Below are entries with pictures in them. Output exactly the lines starting at the line with "Tie-Dyed Flare Jumpsuit" and ending at the line with "Dijital Kaymaz Taban", both included, but not the pictures.

**RECORDED INFORMATION**
[Start of section]

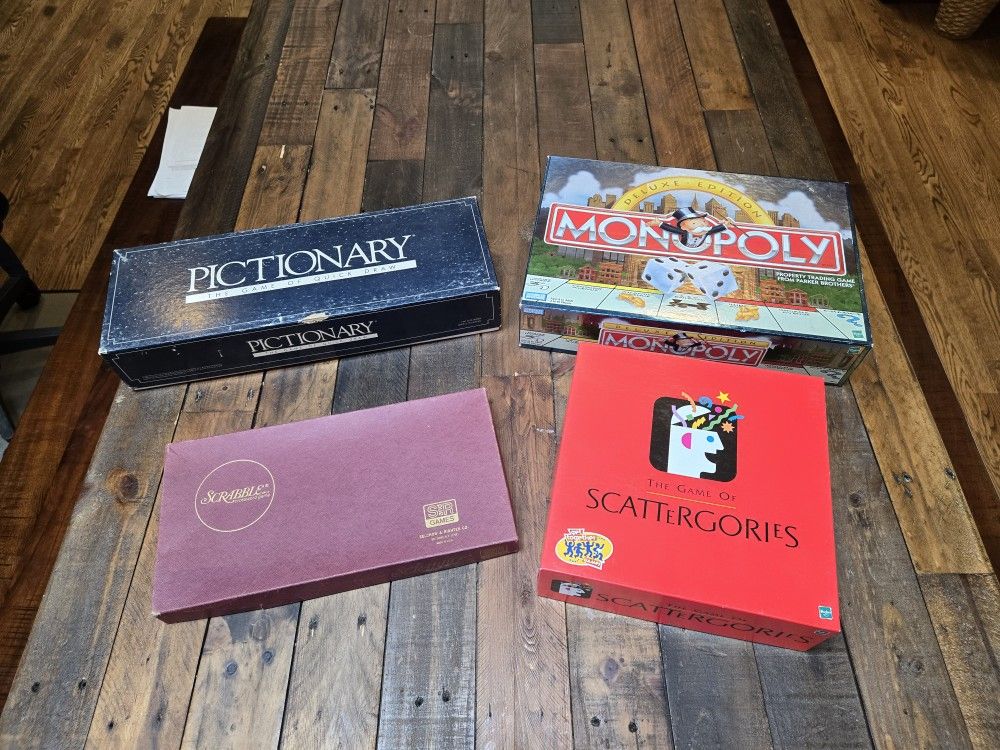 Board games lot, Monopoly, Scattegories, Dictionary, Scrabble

[End of section]
[Start of section]

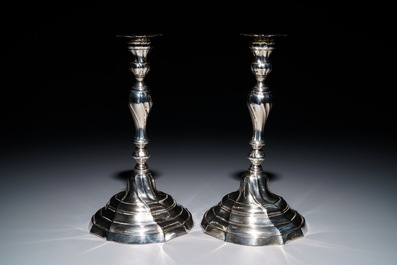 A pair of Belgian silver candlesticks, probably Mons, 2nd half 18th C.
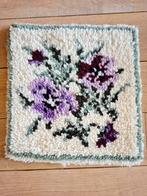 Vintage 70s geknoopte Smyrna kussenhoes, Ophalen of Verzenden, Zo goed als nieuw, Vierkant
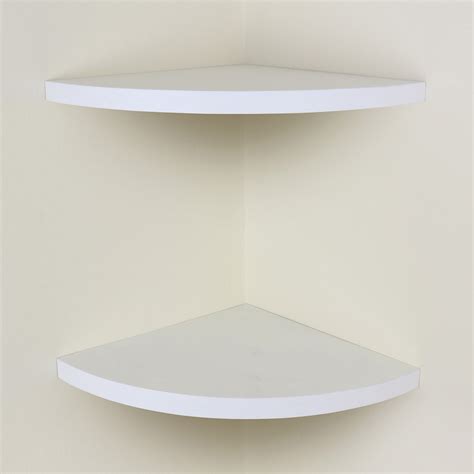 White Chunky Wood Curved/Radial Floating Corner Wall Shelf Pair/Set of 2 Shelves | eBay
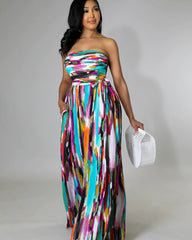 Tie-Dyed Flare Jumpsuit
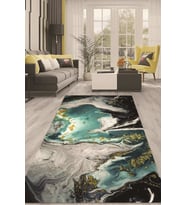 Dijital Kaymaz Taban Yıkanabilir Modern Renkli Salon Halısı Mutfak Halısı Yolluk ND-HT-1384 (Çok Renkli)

[End of section]
[Start of section]

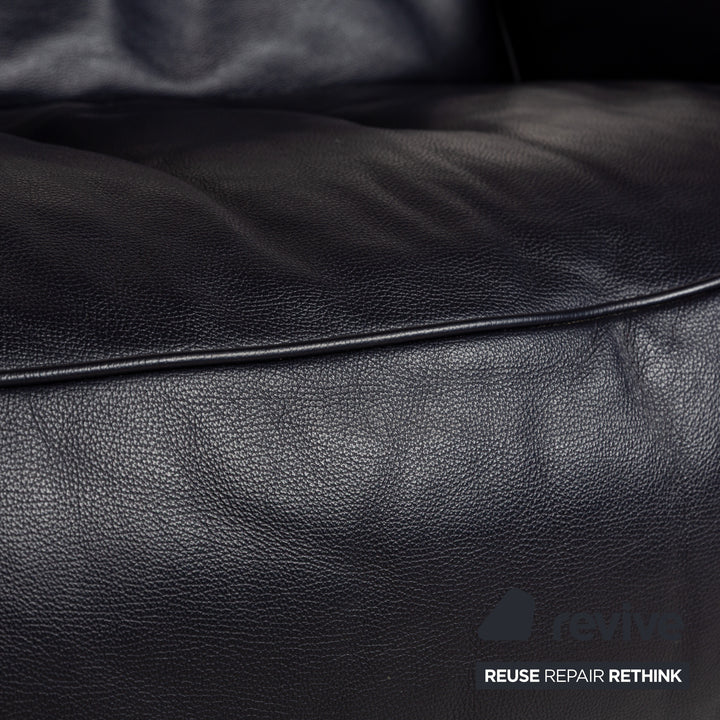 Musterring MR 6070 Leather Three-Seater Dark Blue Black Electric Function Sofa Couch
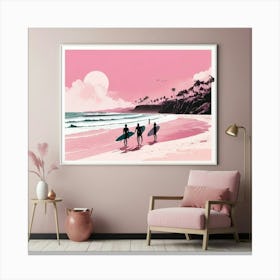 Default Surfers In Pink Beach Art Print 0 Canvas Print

[End of section]

**RESPONSE**
 Tie-Dyed Flare Jumpsuit
 Dijital Kaymaz Taban Yıkanabilir Modern Renkli Salon Halısı Mutfak Halısı Yolluk ND-HT-1384 (Çok Renkli)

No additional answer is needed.